Örneğin; utangaç bir bebek annesinin eteğine yapışır, onun arkasına saklanır yada başını babasının omzuna gömerse, “aman ne kadar tatlı” deriz. Aynı çocuk büyüdükçe, arkadaş edinmede güçlük çeker, benlik saygısı zayıflar ve sosyal etkileşimleri sınırlı kalırsa utangaç davranışları artık “tatlı” olmaktan çıkmıştır.

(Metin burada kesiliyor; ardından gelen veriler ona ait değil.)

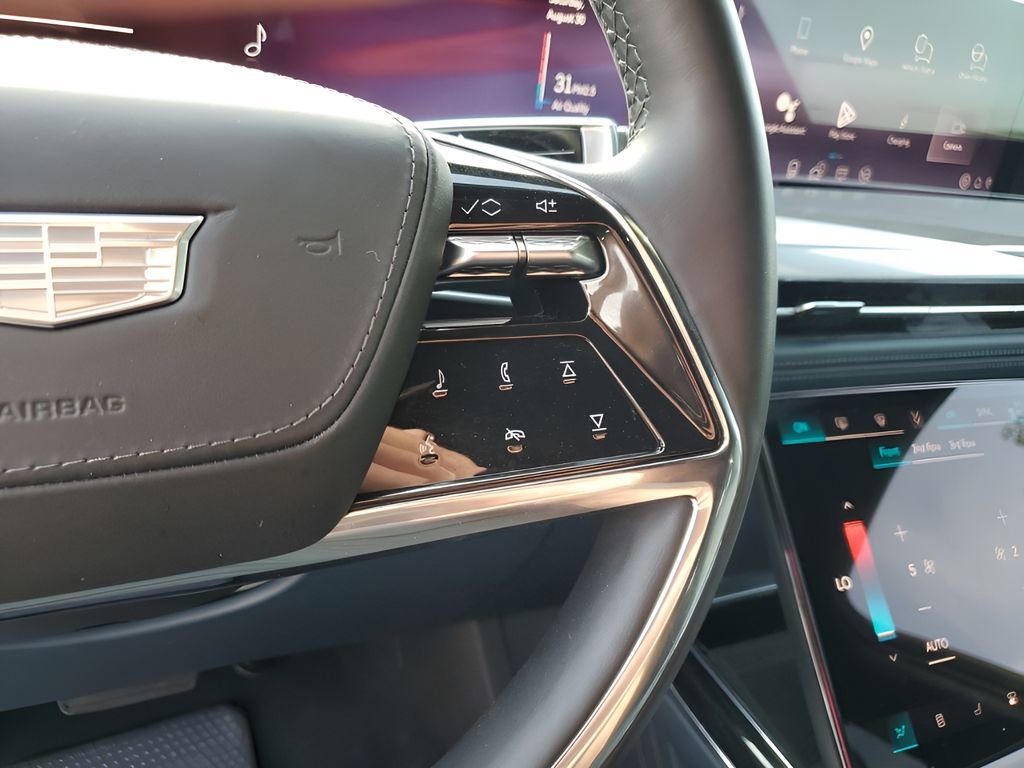 New 2025 Cadillac Escalade IQ Sport 2 image 35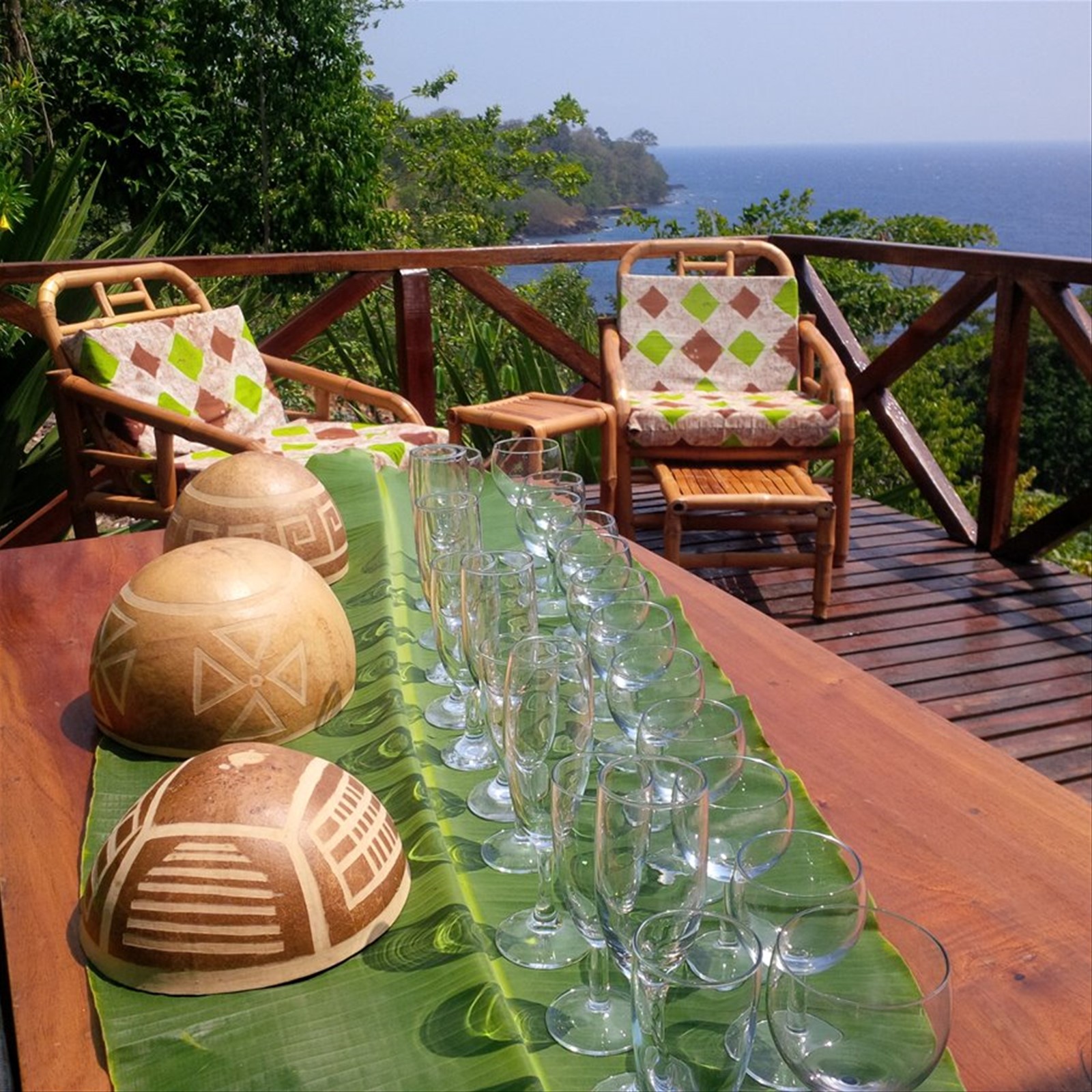 Foto di viaggio in SAO TOME AND PRINCIPE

Özlem; lisedeyken sadece bir – iki arkadaşı vardı. Üniversitede ikende hiç arkadaş edinememişti. Kemal; okul kafeteryasında her gün tek başına yemek yemekten çok rahatsız oluyor ve kendini çok yalnız hissediyordu. Uğur ; okulda her gün gülüp eğlenen bir grubun üyesi olmayı istemişti hep. Sibel; iş toplantılarında hiçbir zaman yüksek sesle konuşamazdı, hemen yüzünün kızaracağını bilir ve bu durumda daha da çok utanırdı.
Özlem, Kemal, Uğur, Sibel ve sayısı milyonları bulan diğerleri arasındaki ortak özellik bu insanların hepsinin de utangaç insanlar olmalarıdır.  Utangaçlık o kadar yaygındır ki, utangaçlıktan söz edilirken “ psikolojinin soğuk algınlığı” terimi sık olarak kullanılır.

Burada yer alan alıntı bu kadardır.